Three regions were found to be sensitive to the temporal offset of audiovisual stimuli, regardless of perceptual attribution: SC, anterior IPS, and insula. Qualitatively, the BOLD time series in each of the regions had not only greater magnitude but also longer duration for offset stimuli. This suggests that more neural activity or activity of longer duration may be required when the spatiotemporal operation is more demanding (Georgopoulos et al., 1989; Richter et al., 2000; Formisano et al., 2002). At least in the SC, neural activity tends to be greater with congruent cross-modal stimuli (Stein et al., 2002). Therefore, the observed increase in BOLD signal for offset stimuli may reflect a longer duration of lower-level neural activity. Alternately, it may reflect processing differences from previous studies attributable to task (temporal judgment vs orienting), stimuli (spectrotemporally complex vs primitive), or cortical involvement (Stein et al., 2002).

The participation of these three regions in evaluating spatiotemporal correspondence across modalities is supported by their anatomical connectivity as well as by previous functional studies. The SC, for instance, is one of earliest brain regions where auditory and visual information converge anatomically on the same structure, within spatiotopic maps aligned across modalities (Stein et al., 2001). IPS, a high-level association area (Pandya and Yeterian, 1985), has strong anatomical connections with the SC and is one of several cortical regions with close functional relationships to the SC (Jiang et al., 2002; Stein et al., 2002; Gaymard et al., 2003).
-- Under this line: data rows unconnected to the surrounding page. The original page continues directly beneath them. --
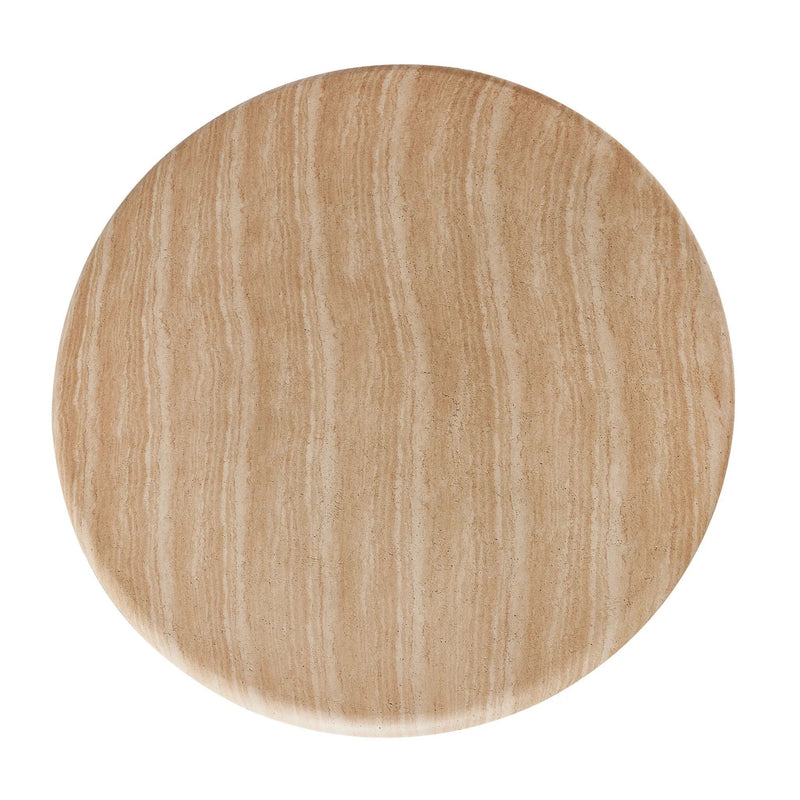 Janice Sand Striae Coffee Table | shipping 6/19/2025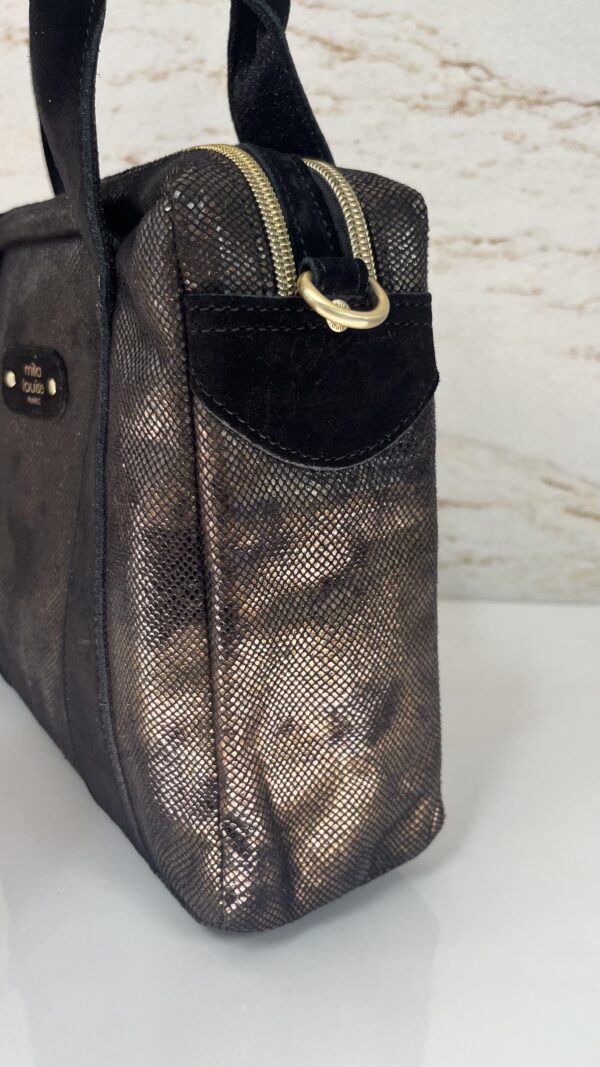 Sac à main Mapa IG noir Mila Louise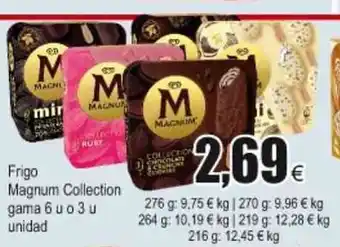 FROIZ Magnum Frigo Collection gama 6 u o 3u oferta
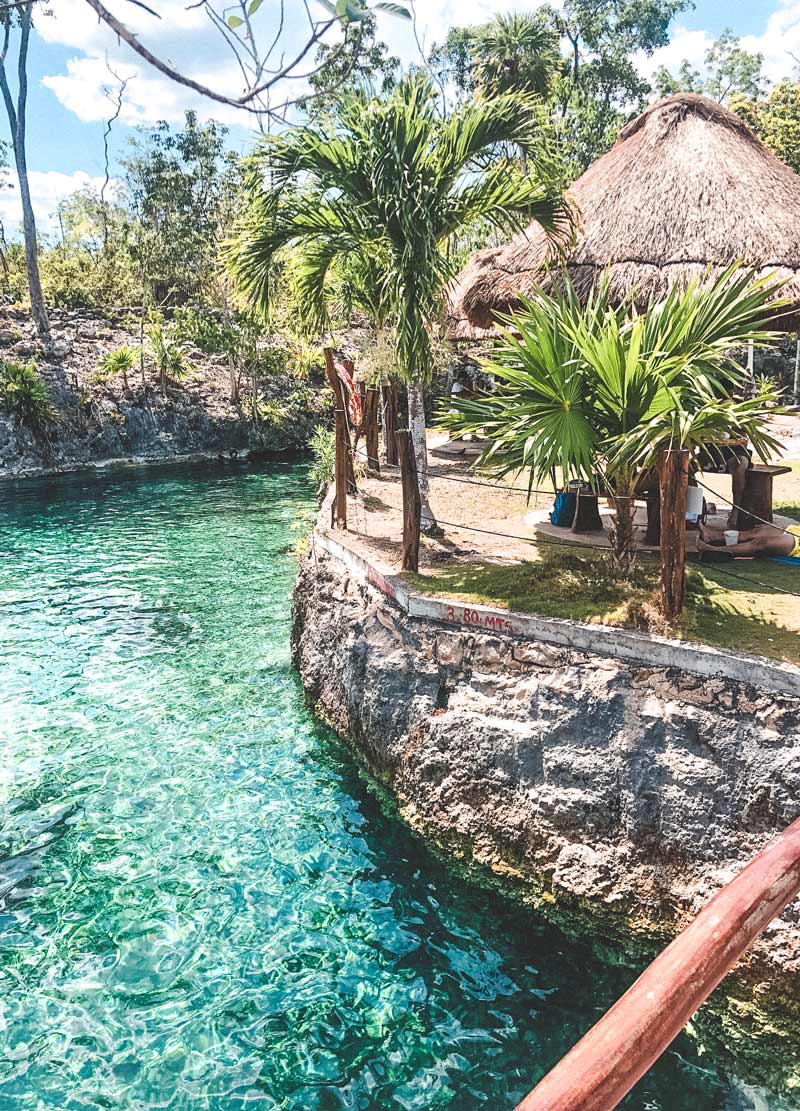 best hotels cenote tulum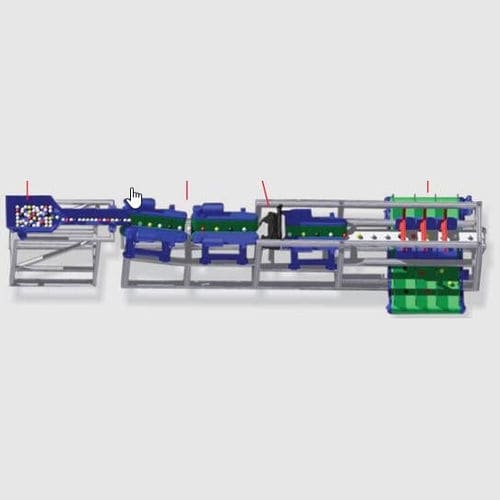 Máquina de separação para a indústria química - VSX - Comex - para mineração / óptica / automática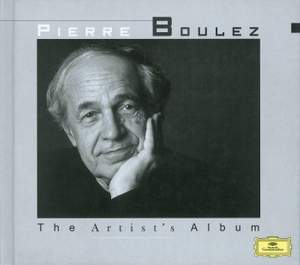 The Artist's Album - Pierre Boulez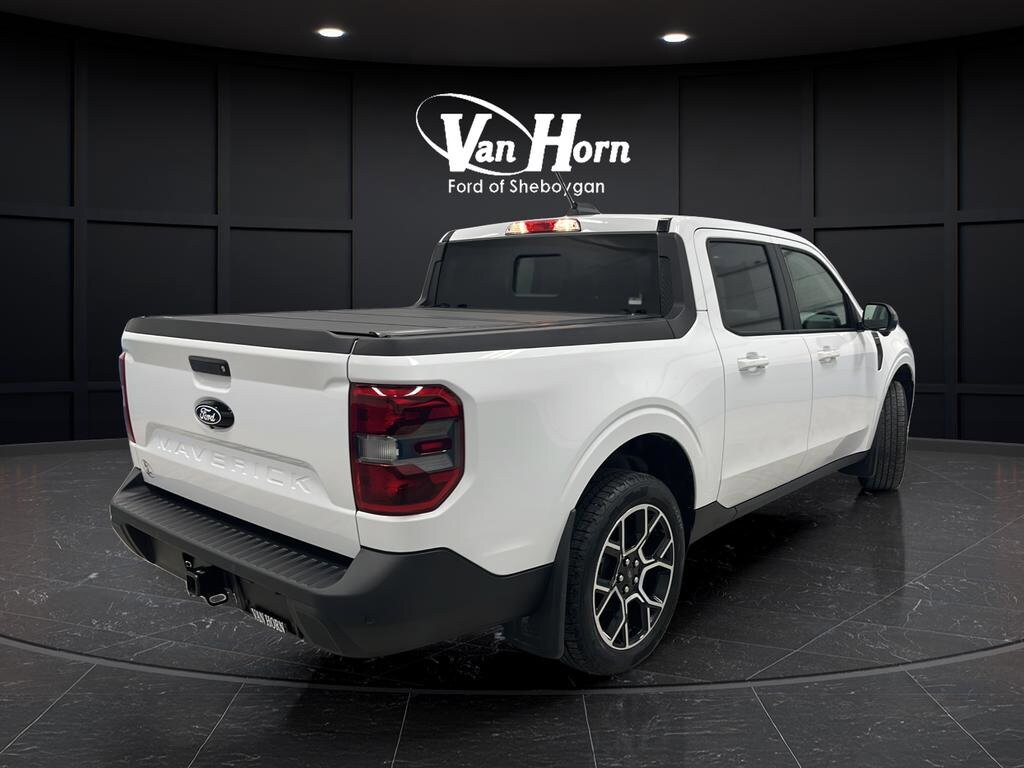 Used 2025 Ford Maverick LARIAT Truck SuperCrew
Moreover, neighboring regions in the superior parietal lobule have been shown to be sensitive to spatiotemporally incongruent speech (Ojanen et al., 2005). Finally, the insula is a functionally heterogeneous cortical area with early cross-modal input from both cortical and thalamic sources (for review, see Bamiou et al., 2003). Among its many reported functions, the insula has been implicated in cross-modal tasks in which timing is a relevant parameter (Bushara et al., 2001, 2003) in decisions about auditory objects (Binder et al., 2004) and as an essential cortical area for speech articulation (Dronkers, 1996).

Perceptual fusion network

Four regions showed sensitivity to perceptual audiovisual fusion, regardless of the spatiotemporal correspondence of the stimuli across modalities: Heschl's gyrus, middle STS, middle IPS, and IFG.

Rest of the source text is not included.